Teaching Toughness

By Ron Ciancutti

Comedian/actor Dennis Leary has written several books that have the same common-sense, knock-you-upside-the-head candor. Also, Leary’s voice can be heard on the Ford truck commercials urging viewers to “listen up” and “get it straight.” He’s become an icon of the tough-guy attitude and the whole “get-over-yourself” mindset.


I identify with his pleas to the men in this country to “just stop whining.”

In some of his writings, he has actually thanked the former bullies in his life as well as his older brothers for making him tougher.

He talks about how people try to instill proper values and morals into their kids by sending them to activities like karate lessons and Pee Wee football.

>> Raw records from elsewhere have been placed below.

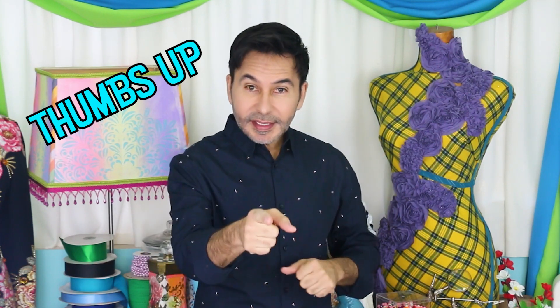Hey DIYers, I'm Mark Montano and today I am going to show you how to make paper clay from cardboard boxes. I'm sure you have a bunch of them stacked up right now. Now before I forget, thumbs up if you like this video and leave me a comment if you have a question about this project or you just want to say hi. Are you ready? Let's make some cardboard paper clay.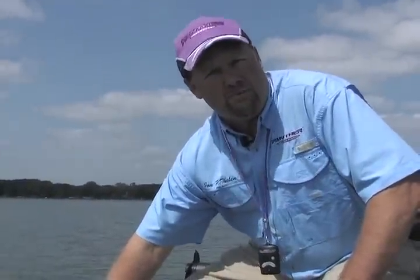Hi, I'm John Thielen. Today's an awful calm day out here on the water, but there's a lot of days when I have to be on the water when I'm in two, three, four-foot waves, and there's nothing worse than running across the lake trying to get to my fishing spot and watching my expensive bow mount electric trolling motor bouncing around on the bow.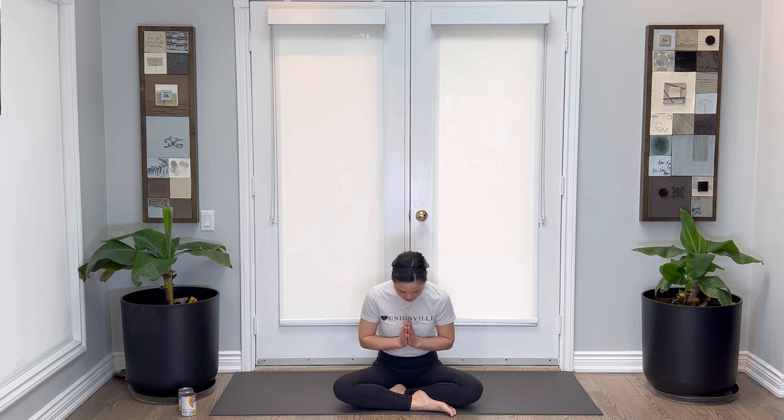Well done, everyone. I hope you enjoyed this practice. Please do subscribe if you liked it, give me a thumbs up and send me a comment if you wish. Well done. Namaste.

But he notes that lessons like those are the result of rules, polite ones and essentially with a “safety net” that guards young men from ever having to face a real threat. He also points out that when one is faced with an old-fashioned “butt-whipping”—the individual learns that sometimes he has to fight and essentially “man up.”

Getting A Gut Check
On October 3, 2012, President Barack Obama and former governor Mitt Romney stepped to the podium for the first presidential debate. Obama was clearly under-prepared and seemed to count on his calm, cool reputation to get him through. Romney was very aggressive and came at Obama from every angle. The next day, the country’s approval rating of Romney soared, and the president even admitted he suffered a sound defeat from the Republican candidate.

That evening awakened a renewed and invigorated Obama, who went on to win the election. Just when the president figured he could coast for the rest of the election, the first debate provided a “gut check,” and he spent the rest of the campaign on fire, realizing he couldn’t “phone it in.” This was a real fight.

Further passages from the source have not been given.